PROBLEM TO SOLVE:
Give back the whole listing exactly as written, leaving out each picture.

GIVEN INFORMATION:
=== Section Start ===
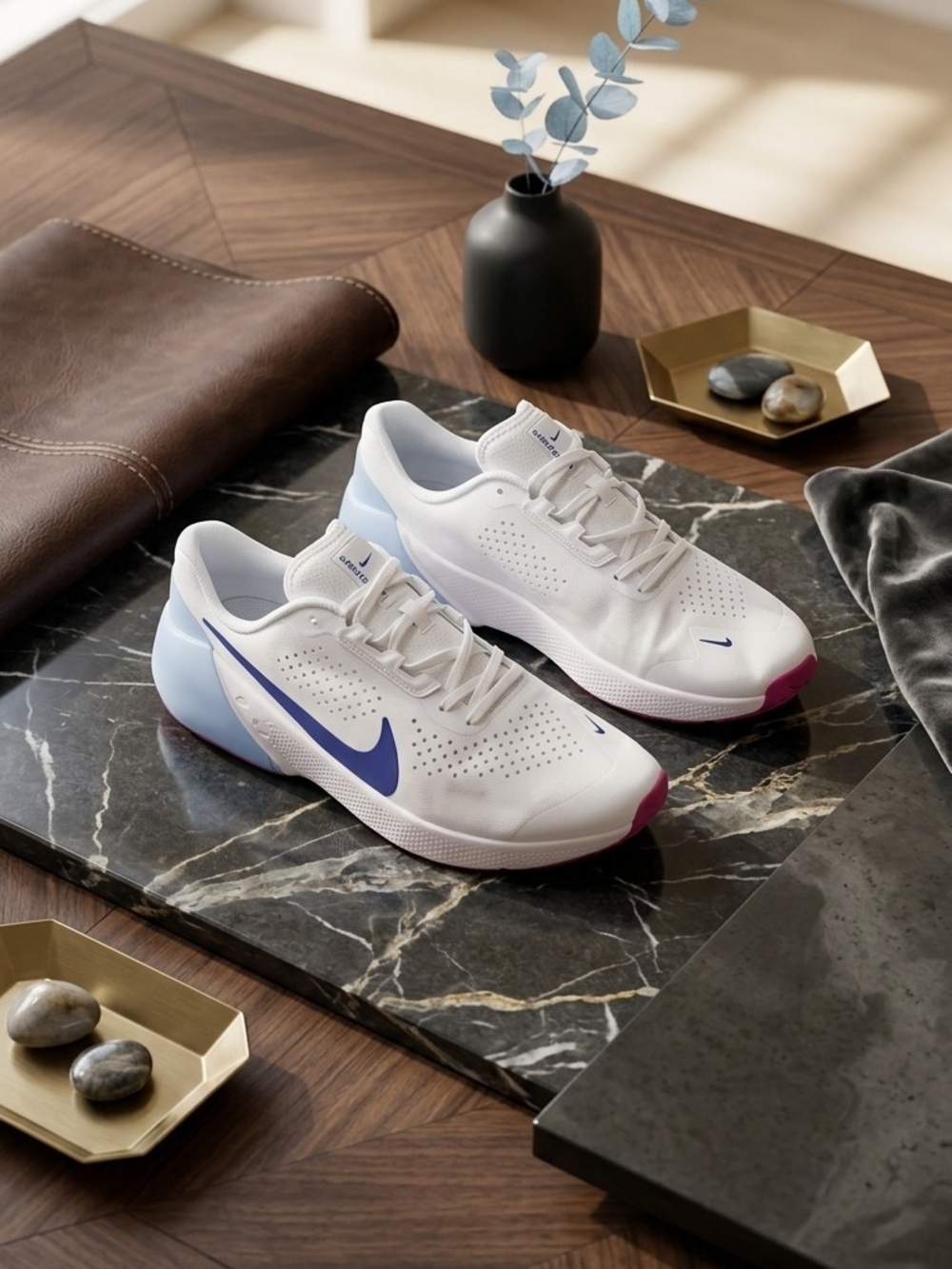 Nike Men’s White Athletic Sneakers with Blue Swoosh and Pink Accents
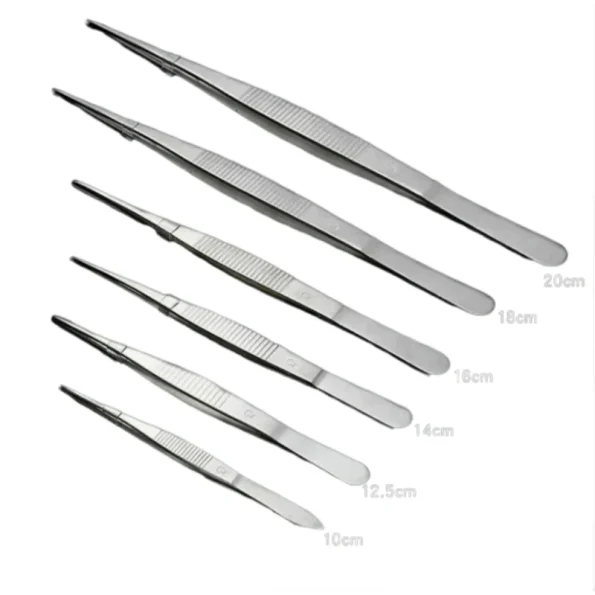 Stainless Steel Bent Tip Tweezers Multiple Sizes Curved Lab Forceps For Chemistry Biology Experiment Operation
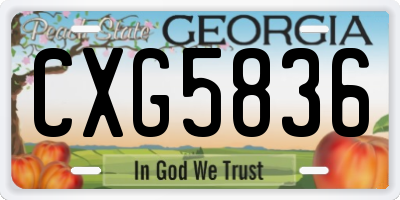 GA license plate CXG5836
=== Section End ===
EXERCISE RESULT:
 Nike Men’s White Athletic Sneakers with Blue Swoosh and Pink Accents
 Stainless Steel Bent Tip Tweezers Multiple Sizes Curved Lab Forceps For Chemistry Biology Experiment Operation
 GA license plate CXG5836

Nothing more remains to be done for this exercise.